Most often (though not exclusively) hood style and class have a direct correlation, and is the best way to determine which particular styling was considered the most fashionable at any given time. Important to this point is the understanding that until the end of the century, the hood was not generally preferred among the higher classes. When the upper echelons finally decided to use the hood, it was not the same type of hood we've been looking at. For one, it lacked a liripipe. That means that when we're looking at winged, liripiped open hoods, we're looking primarily at the range of women between laboring peasant and bourgeois housewife. Taking a look at their gown along with their situational context will provide a better idea of the woman's position in that range. For instance, in the grouping above, the lady in the red houppelande holds the higher class. She is a courtesan accompanied by her nurses. Her hood, therefore, can reasonably be assumed to be the more fashionable version of the three here.

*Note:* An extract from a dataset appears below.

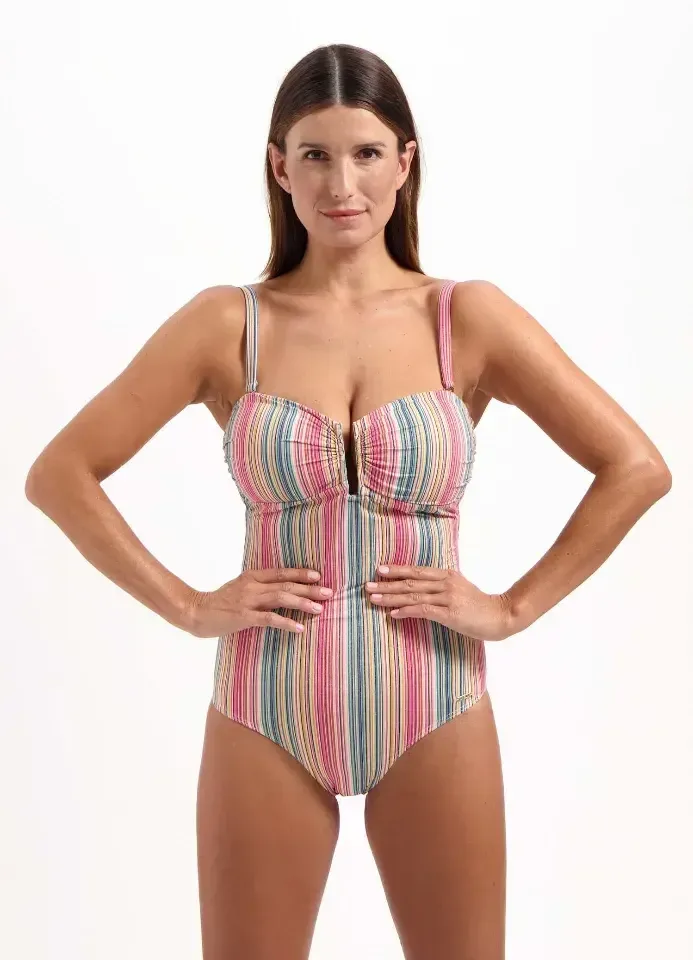 Cyell Color Dash gestreept strapless badpak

Before I conclude, there's one last thing I'd like to discuss. I've stated in the past, here and in my classes, that the hood was a stalwart element of lower class clothing, because it makes practical sense. While I knew this had to be true, it had admittedly been difficult for me to truly come up with the reasons why. Certainly, simply covering the head is a practical application on its own, but there is more to it than that. Last weekend, I spent the day in garb in the sun. It resulted in a terrible sunburn on my chest, face, back, and the visible portions of my bust. Just like my medieval forebears, I had no sunscreen, and I paid the price for the lack of protection. Getting a sunburn isn't something only modern day humans have a problem with.

Today is quite sunny, so to put the practical application of a hood to the test, I put it on, and went outside. Here are the ways my hood worked for me..

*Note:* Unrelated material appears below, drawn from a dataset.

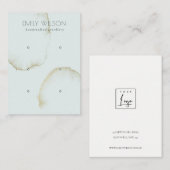 ソフトアクア金ゴールド抽象芸術3イヤリング表示ロゴ 名刺 (正面/裏面)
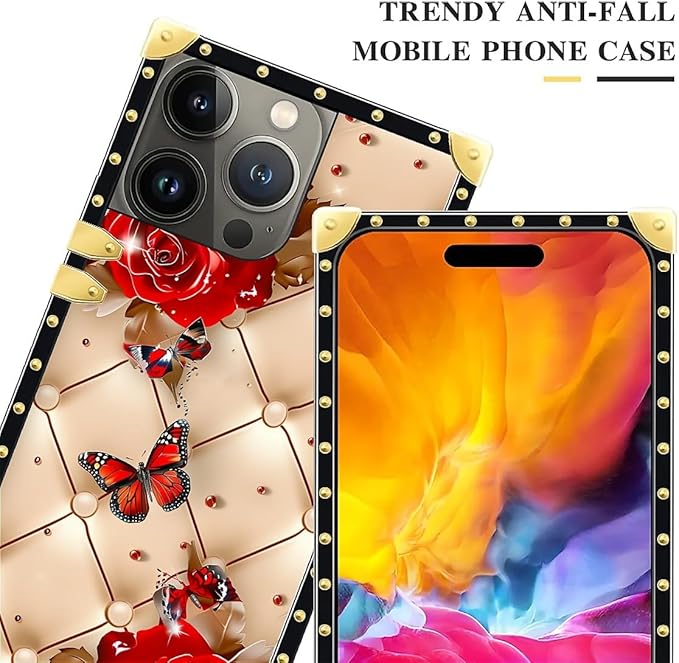 Compatible with iPhone 15 Pro Case, Shining Red Rose Butterfly Leather Background Luxury Golden Decoration for Girl Women Soft TPU Shockproof Protective Hard PC Back for iPhone 15 Pro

It wasn't windy, but if a significant breeze was blowing, the best way to keep the hood on and stable is to "turban" the liripipe:


With the brim unfolded, I get a great protective cover. in this photo, I'm facing the sun, and if you look at my chest, you can see that I am getting at least partial shade:


I turned, and here's what that looks like from the front looking down:


After adding some more deliberate shape to the brim, it looked like this looking up:


I then began to experiment with other ways the brim might look, based on my findings. If the wings extended further outward, when the brim is flipped forward, it might look like this:

Applying the double fold from the Heures de Charles d'Angoulême peasant page, I get this:



I have to admit that I really liked this, and I did indeed feel that I had better shade. From the side:


Finally, even with the way I normally wear it, I still had good shade:


Alright. Time to wrap this up. I go forward from here with more specific ideas about what my next hood should look like. As a middle class townswoman, who endeavors to be as fashionable as her means allow, I should prefer the outward, pointed wings on my hood. This will come with some experimentation and certainly take some getting used to in terms of wearing. I'd never forgive myself if my hood poked somebody's eye out.

Lastly, as promised, you can download from here the pattern and construction information on my black open hood as well as my red version. I hope that it helps you skip a bit of the frustration of patterning one of these things from scratch. I also hope that my digging deeper into this style encourages you to begin looking closer at the things we're recreating.